As for the hone marks - after I had removed the barrels I ran a hone through them as I was thinking maybe they hadn't been properly honed when the pistons were previously fitted.

After seeing the damage to the bottom I am thinking of just ditching them and finding an alternative (possibly even a big bore kit - will decide once I have had a closer look at the bottom of the motor).


I think I'd be calling the Tartaglia brothers and having them pay a visit to the guy who sold the bike to you. When they are done, he might offer to help pay for the repairs.;)
A while ago I went to a parts shop (Trojan Motorcycles) that specialise in older parts and described the bike and its problems.

They asked me who I bought it off. I described the bloke's appearance (I had never got his last name) and the two fellas at the counter looked at each other. One of them asked - "was he really hard of hearing?" Yep I said. Almost simultaneously they both exclaimed "Deaf Mick!" and one of them covered his eyes with his hand.

Apparently "Deaf Mick" is well known for patching up bikes so they run and look roughly presentable for quick sale to silly drongos like me. They didn't actually say 'drongo' but I knew what they were thinking :)
 
#8 ·
I'm going to start on a high note here and mention how informed you will be about Triumph engines when you have this old girl back together and running properly.

My guess is this engine blew up at some point, or was built from used parts and the jugs came of an engine that cratered. But, given the thin section of the spigots that remain, I can see them fracturing if the sleeves were too tight or just because they were so thin.

In my limited experience, with major oil consumption, the tops of the pistons tend to stay clean since they are drenched in oil. The detergents in today's oils may contribute to that. My '66 that was an insect fogger after the first rebuilt also had very shiny piston tops.

You never mentioned the seating surface on the rings. Take a look at those. My guess is you will see shiny spots and lots of dull, no contact areas, especially on the oil ring(s).

I can see the hone marks on the bores. Granted, the depth of field makes the bore surface a bit fuzzy. But that surface looks like a fairly fine grit hone was used. That could very well contribute to the rings not seating.

I would take the jugs to the shop that did your head. Sounds like they do quality work. Ask them to measure the bore in both jugs. You want to know what the piston to bore clearance is, just because it will tell you what kind of quality job was done, and you also want to know if the bores are round. If possible, ask if they can set the jugs up on a flat surface and determine if the bores are perpendicular to the gasket surfaces. The sleeves could be installed cock-eyed.
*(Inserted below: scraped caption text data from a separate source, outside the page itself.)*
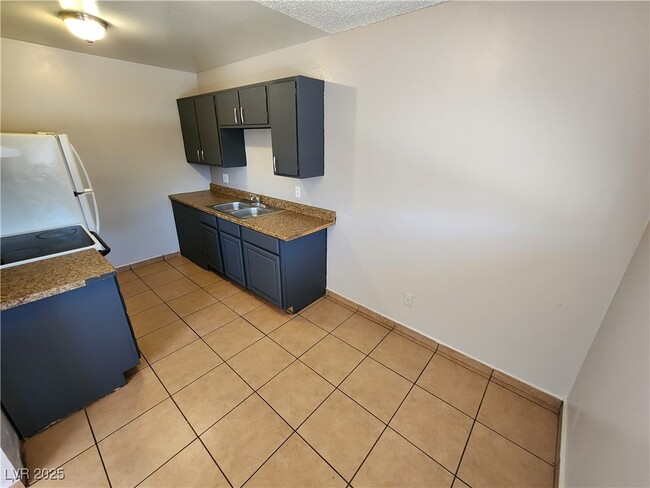 Foto del edificio - 2527 N Crawford St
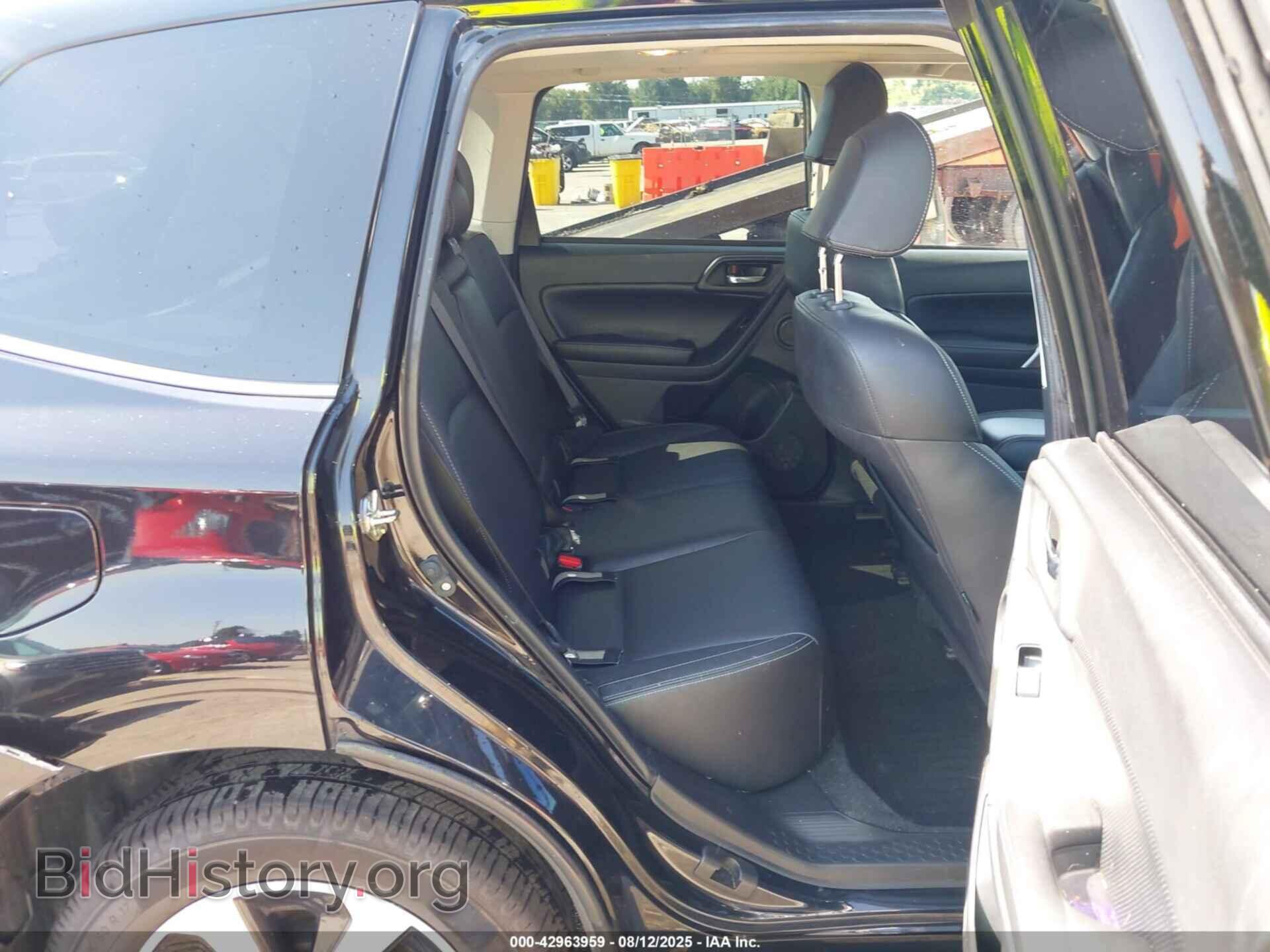 2017 SUBARU FORESTER - VIN: JF2SJARC6HH463560 - Фото 8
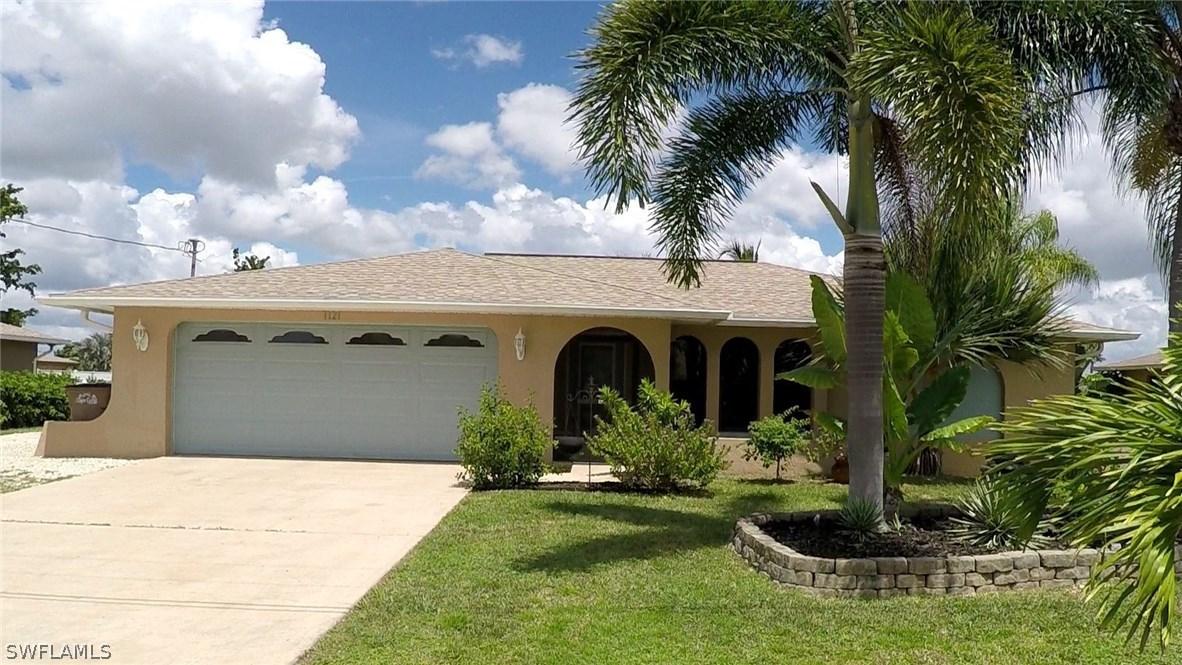 1121 SE 14th Ter., Cape Coral, FL 33990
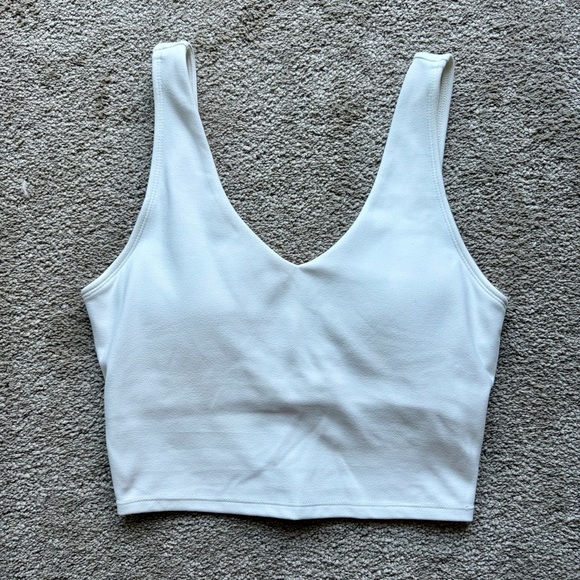 Bundle of P’Tula sports bra and crop tanks - Picture 4 of 7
You might be looking at a new set of jugs. Are the pistons standard size or an oversize. If they are standard or one of the first oversizes, and the bores are not round or perpendicular, the shop may be able to rebore those sleeves to correct any abnormality.

If they are straight and round, given the clearance to the piston, you might very well get away with honing them with a 180 grit hone in a proper honing machine. Put new Hastings rings on the pistons and slap her back together.

The end gap on the piston is not a concern. That clearance is common with the rings made today. My friend Lance has talked to Hastings and they said it is fine. Mr. Pete has also said the gap is not a big deal if it is a tad oversize.

You are smart to split the cases. The old adage about a good foundation being important for any structure rings true in engines as well.

You will need some special tooling to pull the timing gears off as well as the alternator rotor. Maybe this is something best left to your local shop. If they will work with you, they might do the specialty stuff like pulling the gears and then give the engine back to you to continue on. Same on reassembly.

Plan on going into the tranny as well. It's not hard and might as well make sure there are no issues left behind in there, either.

I think I'd be calling the Tartaglia brothers and having them pay a visit to the guy who sold the bike to you. When they are done, he might offer to help pay for the repairs.;)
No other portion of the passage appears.